2 Kings 4:42-44; Psalm 145; Ephesians 3:14-21; Mark 6:30-56

Sunday, July 29, 2018 – The Tenth Sunday After Pentecost

Knox-Metropolitan United Church – Regina, SK – Treaty 4 Territory

Cameron Fraser

The Convenience store chain 7-11 made the news twice earlier this month, I wonder if anyone noticed?

A particular franchise in the North End of the city was named the #1 Slurpee Store in all of Canada. There is still some work to do as on the same day it was announced by 7-11 that Manitoba is the Slurpee Capital of the world (a title it has now held for 19 years running).

Perhaps though, more of you noticed the much more serious story that came out one week earlier, that the 7-11 in the North Central neighbourhood, on Dewdney Ave was closing.

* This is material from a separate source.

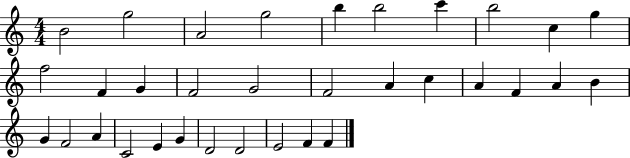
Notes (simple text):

B4/h G5/h A4/h G5/h B5/q B5/h C6/q B5/h C5/q G5/q F5/h F4/q G4/q F4/h G4/h F4/h A4/q C5/q A4/q F4/q A4/q B4/q G4/q F4/h A4/q C4/h E4/q G4/q D4/h D4/h E4/h F4/q F4/q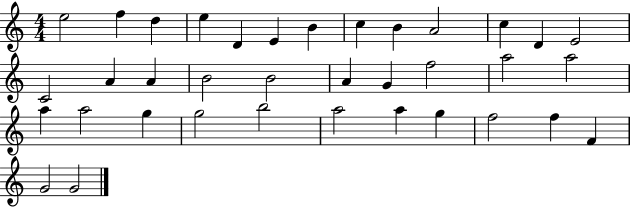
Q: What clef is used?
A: treble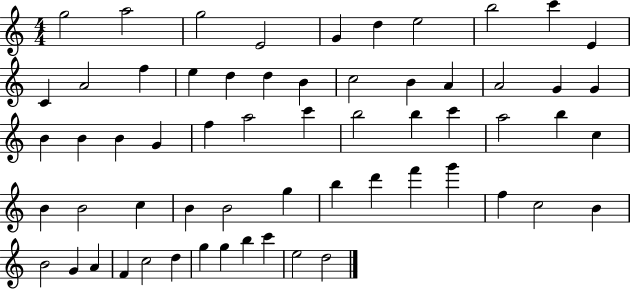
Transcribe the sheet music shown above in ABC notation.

This has perhaps larger implications than one might immediately notice, because this is a neighbourhood that has been without a grocery store for 18 years, and while 7-11 is not the perfect site to purchase healthy groceries regularly, for a community with limited mobility compared to others, this is significant.

Murray Giesbrecht, the Executive Director of the North Central Community Association, is not alone in referring to his neighbourhood as a food dessert.

Today, our readings offered up much food for thought, or at least thoughts about food.

Our reading from the Hebrew Scriptures in the book of 2 Kings is the Lectionary’s accompaniment for this text, but it might very well have been this from Isaiah:

Ho, everyone who thirsts,

   come to the waters;

and you that have no money,

   come, buy and eat!

Come, buy wine and milk

   without money and without price. 

I want to leave that there along with the news about the 7-11 in North Central, perhaps to simply dance around the back of our mind, perhaps inviting some connections of our own thoughts, because this passage, perhaps more than others articulates what we might call a Biblical ethic of food sovereignty — that access to food is a human right, not a commodity.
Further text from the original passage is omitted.